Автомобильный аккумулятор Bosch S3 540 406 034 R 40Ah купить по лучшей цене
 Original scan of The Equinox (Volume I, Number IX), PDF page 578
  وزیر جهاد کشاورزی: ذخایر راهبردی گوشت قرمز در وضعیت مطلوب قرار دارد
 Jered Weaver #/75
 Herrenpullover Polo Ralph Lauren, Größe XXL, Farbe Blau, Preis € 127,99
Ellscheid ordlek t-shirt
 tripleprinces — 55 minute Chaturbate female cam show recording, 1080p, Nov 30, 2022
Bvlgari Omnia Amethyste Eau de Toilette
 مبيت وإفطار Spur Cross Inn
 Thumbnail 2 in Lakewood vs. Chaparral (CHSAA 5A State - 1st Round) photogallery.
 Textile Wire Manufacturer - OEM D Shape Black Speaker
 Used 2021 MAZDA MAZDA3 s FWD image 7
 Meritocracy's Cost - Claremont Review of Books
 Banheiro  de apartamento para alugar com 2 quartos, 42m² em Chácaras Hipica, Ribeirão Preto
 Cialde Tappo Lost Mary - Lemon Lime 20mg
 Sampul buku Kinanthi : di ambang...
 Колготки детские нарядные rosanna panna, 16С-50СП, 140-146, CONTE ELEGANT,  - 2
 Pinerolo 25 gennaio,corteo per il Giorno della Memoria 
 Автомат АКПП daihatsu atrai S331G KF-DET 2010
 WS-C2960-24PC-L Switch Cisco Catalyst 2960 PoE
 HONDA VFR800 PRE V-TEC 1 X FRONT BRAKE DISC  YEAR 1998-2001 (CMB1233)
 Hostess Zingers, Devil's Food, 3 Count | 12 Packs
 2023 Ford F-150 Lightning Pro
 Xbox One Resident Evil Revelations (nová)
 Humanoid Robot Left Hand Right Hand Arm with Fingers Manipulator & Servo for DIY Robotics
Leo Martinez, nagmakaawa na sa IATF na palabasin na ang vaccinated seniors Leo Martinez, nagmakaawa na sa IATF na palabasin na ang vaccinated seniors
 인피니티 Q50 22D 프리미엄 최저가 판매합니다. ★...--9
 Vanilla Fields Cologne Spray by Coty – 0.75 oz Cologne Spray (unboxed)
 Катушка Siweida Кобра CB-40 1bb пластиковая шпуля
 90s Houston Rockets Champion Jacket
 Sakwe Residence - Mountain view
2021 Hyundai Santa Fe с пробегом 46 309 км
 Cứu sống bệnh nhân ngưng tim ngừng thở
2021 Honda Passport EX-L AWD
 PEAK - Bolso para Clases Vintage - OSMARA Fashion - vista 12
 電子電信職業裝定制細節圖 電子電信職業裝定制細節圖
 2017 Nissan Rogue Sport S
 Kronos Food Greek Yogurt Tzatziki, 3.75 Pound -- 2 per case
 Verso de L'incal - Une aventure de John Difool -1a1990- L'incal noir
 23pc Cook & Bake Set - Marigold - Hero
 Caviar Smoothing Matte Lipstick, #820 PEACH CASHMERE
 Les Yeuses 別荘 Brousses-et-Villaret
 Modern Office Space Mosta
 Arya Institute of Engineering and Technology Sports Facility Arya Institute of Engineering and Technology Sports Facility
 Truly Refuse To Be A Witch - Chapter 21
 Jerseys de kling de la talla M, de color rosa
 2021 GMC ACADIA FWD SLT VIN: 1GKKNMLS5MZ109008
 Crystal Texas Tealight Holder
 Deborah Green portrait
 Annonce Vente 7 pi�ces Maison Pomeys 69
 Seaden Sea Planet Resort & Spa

* * * * * * *

**WHAT IS NEEDED**: There is a run of lines above from the one with "Cứu sống bệnh nhân ngưng tim ngừng thở" to the one with "Kronos Food Greek"; print exactly that run, both ends included, and nothing else.

**SOLUTION TO THE EXERCISE**:
 Cứu sống bệnh nhân ngưng tim ngừng thở
2021 Honda Passport EX-L AWD
 PEAK - Bolso para Clases Vintage - OSMARA Fashion - vista 12
 電子電信職業裝定制細節圖 電子電信職業裝定制細節圖
 2017 Nissan Rogue Sport S
 Kronos Food Greek Yogurt Tzatziki, 3.75 Pound -- 2 per case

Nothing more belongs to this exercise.